** Opening Extracted information block **

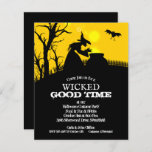 Budget Wicked Witch Silhouette Halloween Invites<br><div class="desc">A wicked witch and her cauldron, a black bat, picket fence and bare tree silhouetted against a spooky sky these Halloween party invitations are printed on value 110 lb semi-gloss paper. **White ENVELOPES ARE OPTIONAL and an additional cost. Be sure to double-check your order before adding it to your cart...</div>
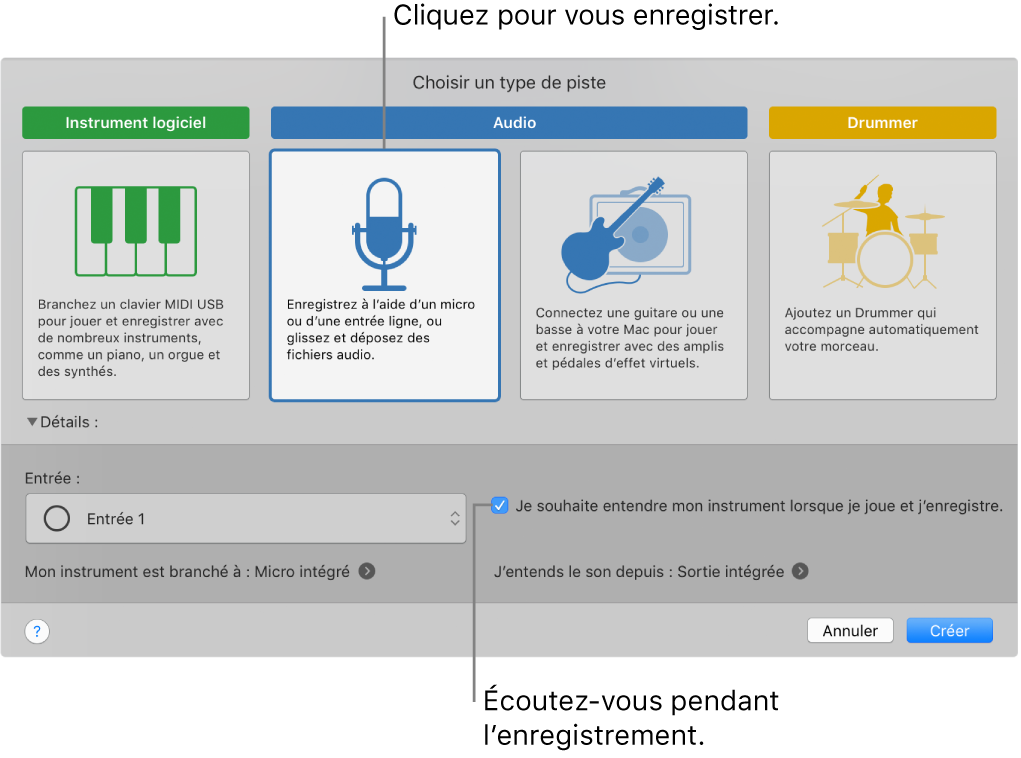 Sous-fenêtre des instruments de GarageBand indiquant où cliquer pour enregistrer la voix et s’écouter au moment de l’enregistrement.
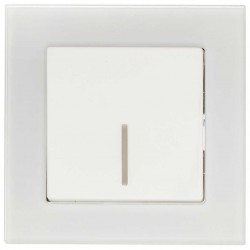 Διακόπτης Απλός Μονός Με LED Χωνευτός Λευκό Γυαλί ΝΕΦΕΛΗ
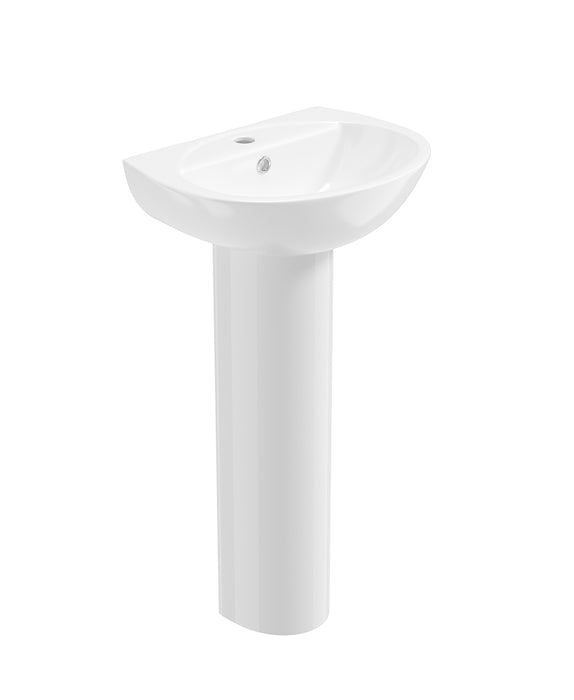 Sonas Select Round Basin with Full Pedestal 1 Tap Hole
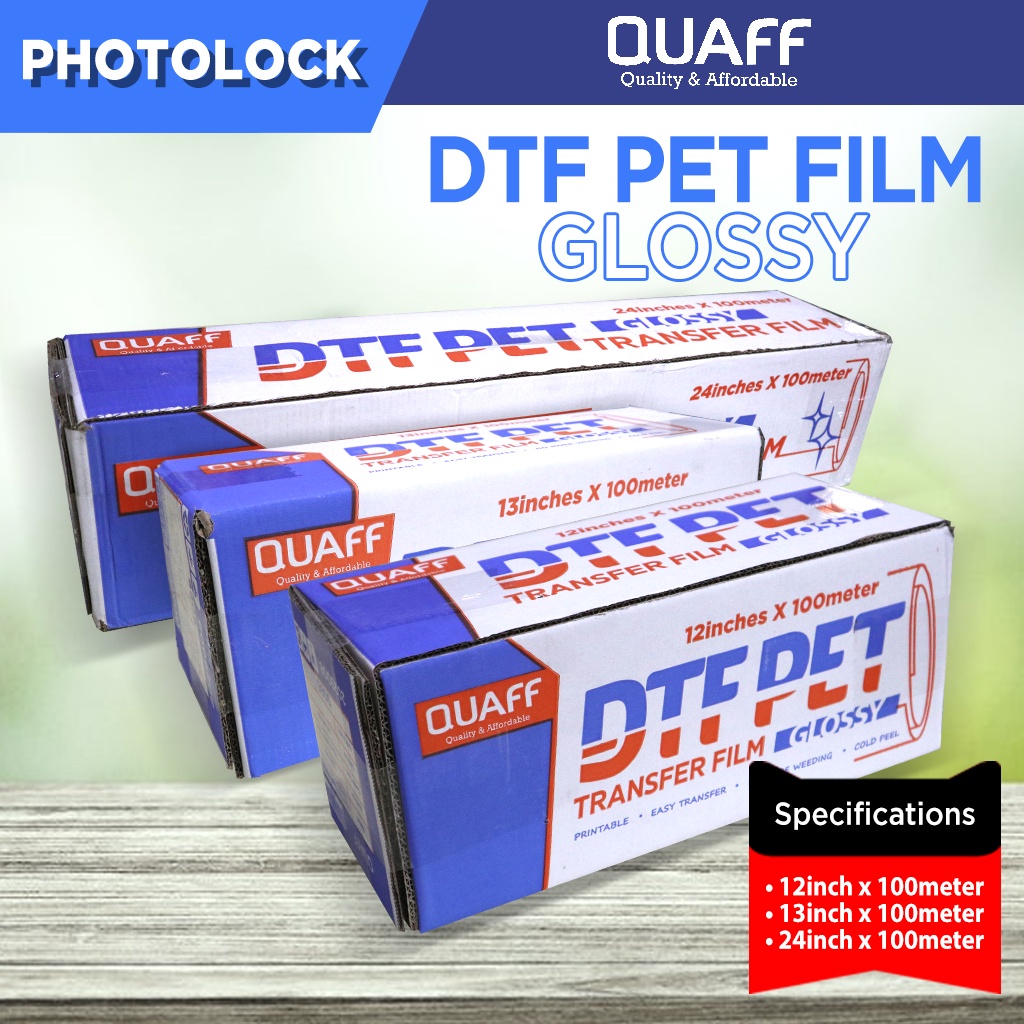 QUAFF DTF PET Transfer Film Roll Glossy Matte 100 Meters Shopee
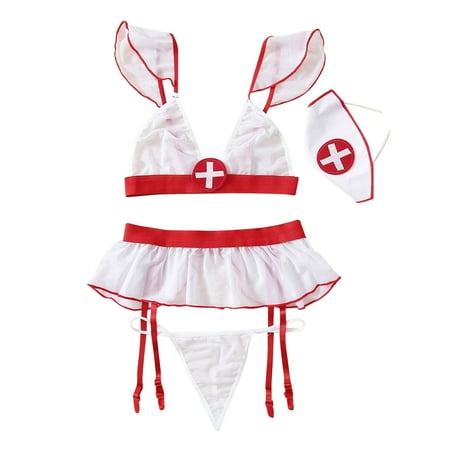 

HGWXX7 Plus Size Lingerie Fun Three-point Underwear With Garters Women s Style Clothes Nurse s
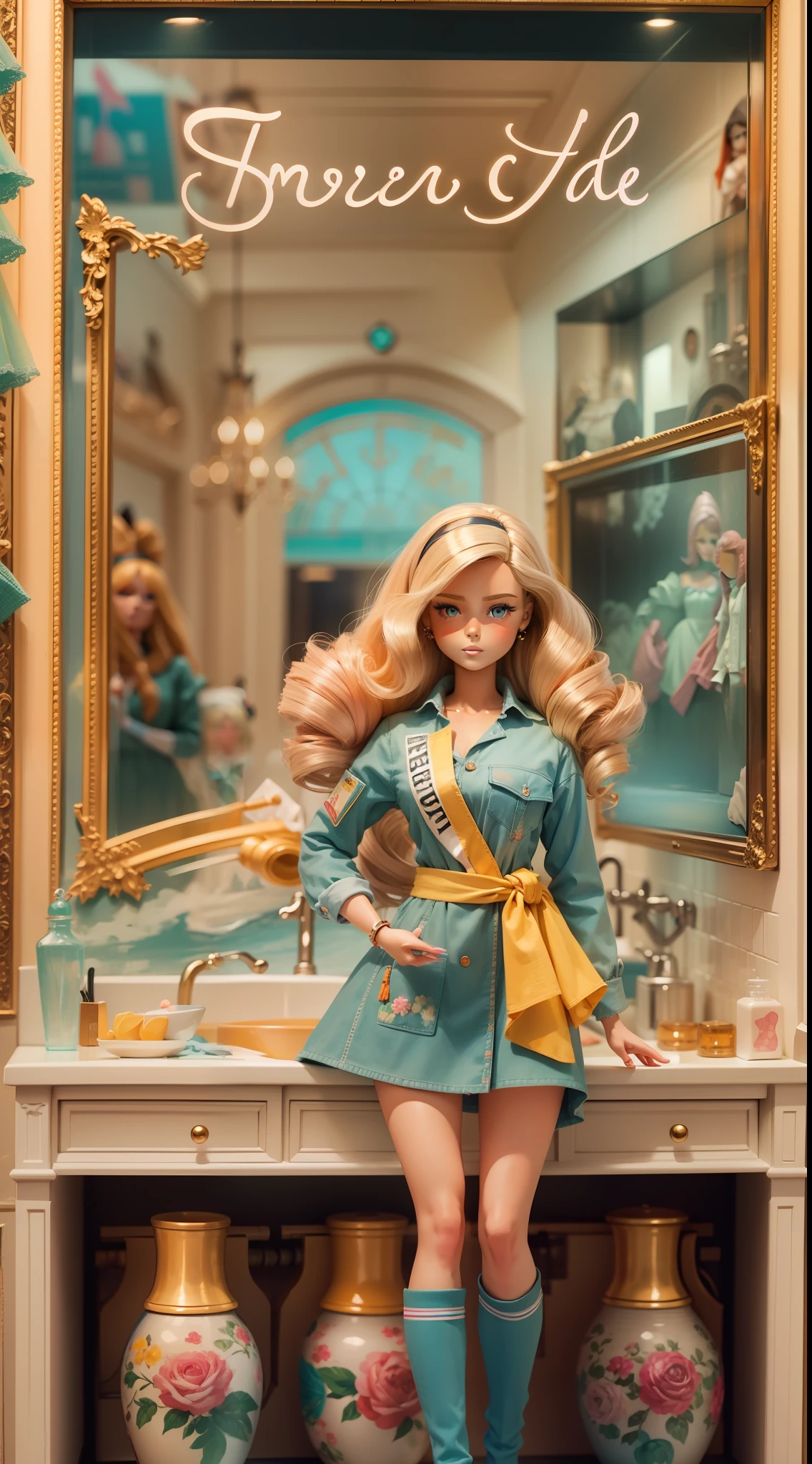 masterpiece featuring the iconic American Girl Barbie, highlighting vivid and complex colors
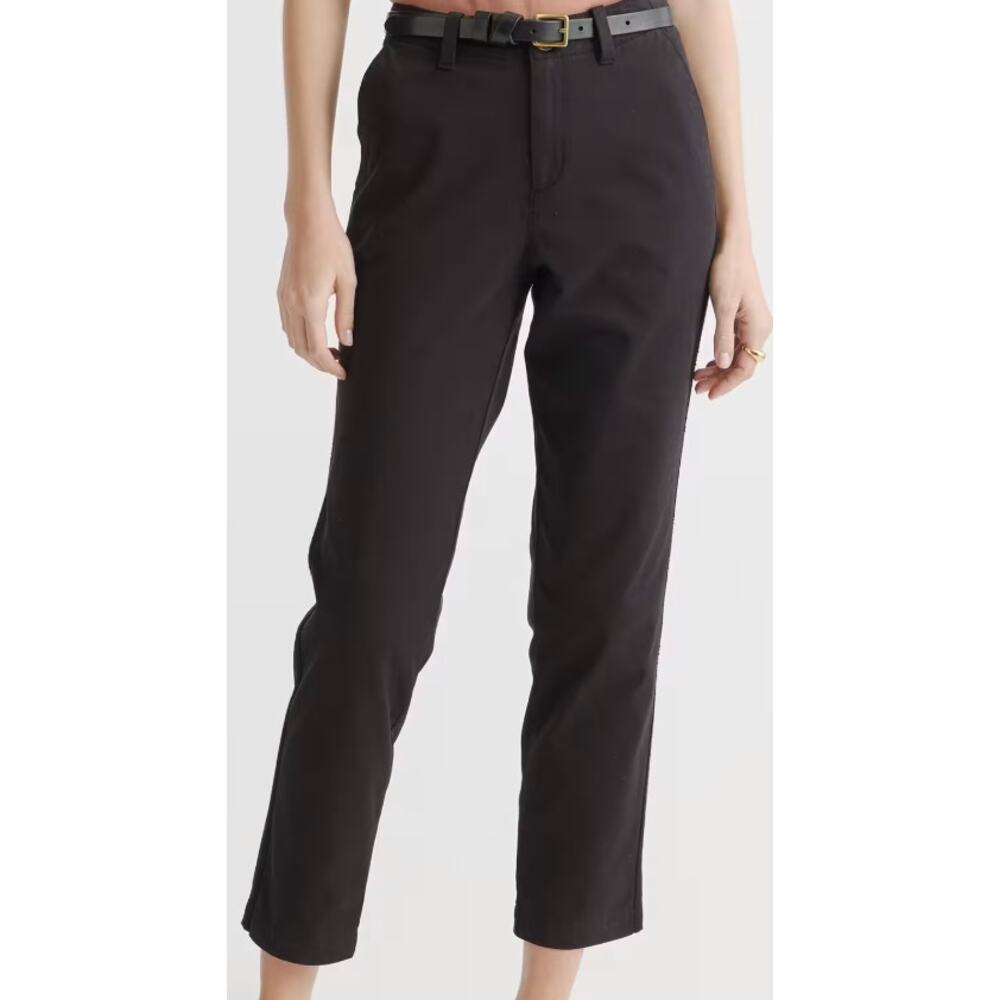 Quince Stretch Cotton Twill Girlfriend Chino Pants Black Ankle 28 6 NWT
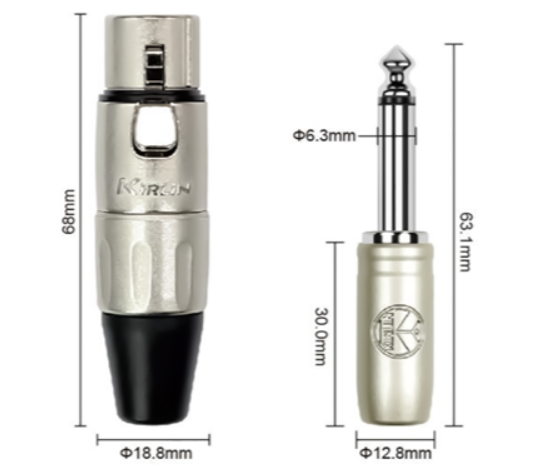 KIRLIN DELUXE LEAD XLR(F) - 1/4" MONO JACK 20FT/6M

** Closing Extracted information block **

• _Exercise objective_: Please retype the records above exactly, but leave out any pictures.

• _Your response_:
 Budget Wicked Witch Silhouette Halloween Invites<br><div class="desc">A wicked witch and her cauldron, a black bat, picket fence and bare tree silhouetted against a spooky sky these Halloween party invitations are printed on value 110 lb semi-gloss paper. **White ENVELOPES ARE OPTIONAL and an additional cost. Be sure to double-check your order before adding it to your cart...</div>
 Sous-fenêtre des instruments de GarageBand indiquant où cliquer pour enregistrer la voix et s’écouter au moment de l’enregistrement.
 Διακόπτης Απλός Μονός Με LED Χωνευτός Λευκό Γυαλί ΝΕΦΕΛΗ
 Sonas Select Round Basin with Full Pedestal 1 Tap Hole
 QUAFF DTF PET Transfer Film Roll Glossy Matte 100 Meters Shopee

HGWXX7 Plus Size Lingerie Fun Three-point Underwear With Garters Women s Style Clothes Nurse s
 masterpiece featuring the iconic American Girl Barbie, highlighting vivid and complex colors
 Quince Stretch Cotton Twill Girlfriend Chino Pants Black Ankle 28 6 NWT
 KIRLIN DELUXE LEAD XLR(F) - 1/4" MONO JACK 20FT/6M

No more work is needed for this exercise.